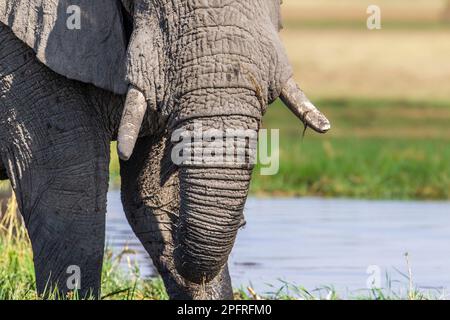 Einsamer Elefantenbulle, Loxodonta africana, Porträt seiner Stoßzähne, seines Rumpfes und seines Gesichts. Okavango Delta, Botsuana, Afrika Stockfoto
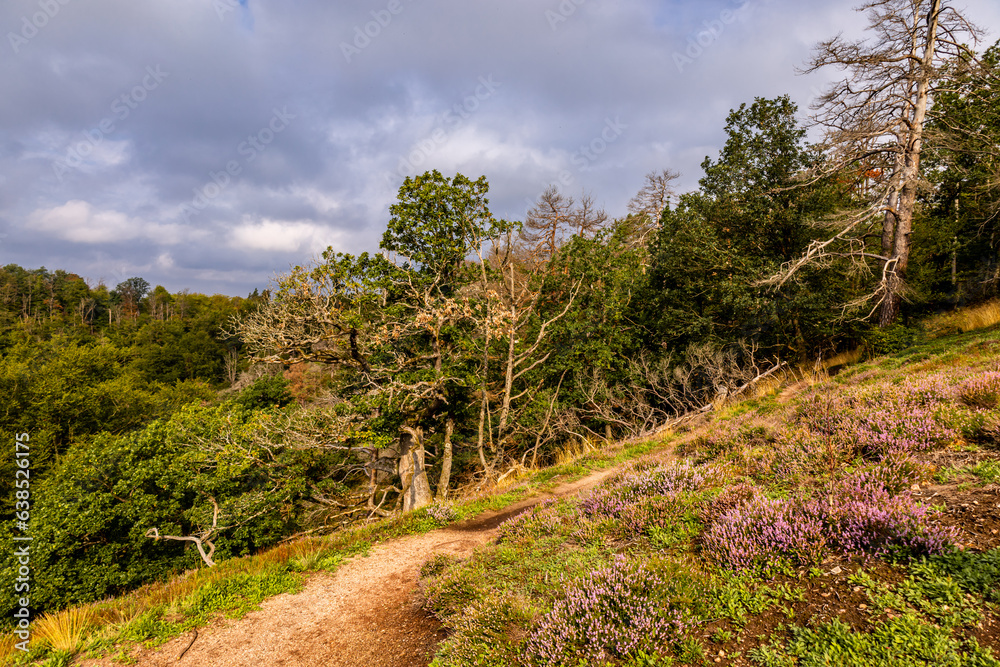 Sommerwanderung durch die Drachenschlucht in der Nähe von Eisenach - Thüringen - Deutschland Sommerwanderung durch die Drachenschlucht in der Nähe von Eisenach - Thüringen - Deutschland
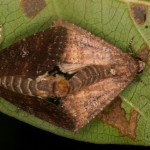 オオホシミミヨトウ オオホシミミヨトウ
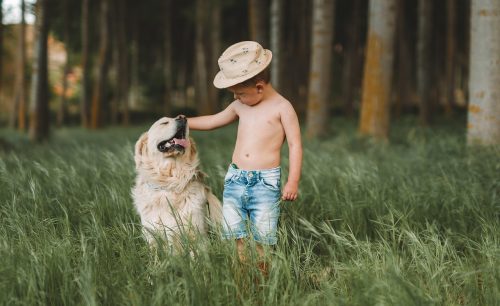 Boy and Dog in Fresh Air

◆ **Activity**:
Produce a verbatim copy of the listing, leaving out all pictures.

◆ **Answer to the exercise**:
 Einsamer Elefantenbulle, Loxodonta africana, Porträt seiner Stoßzähne, seines Rumpfes und seines Gesichts. Okavango Delta, Botsuana, Afrika Stockfoto
 Sommerwanderung durch die Drachenschlucht in der Nähe von Eisenach - Thüringen - Deutschland Sommerwanderung durch die Drachenschlucht in der Nähe von Eisenach - Thüringen - Deutschland
 オオホシミミヨトウ オオホシミミヨトウ
 Boy and Dog in Fresh Air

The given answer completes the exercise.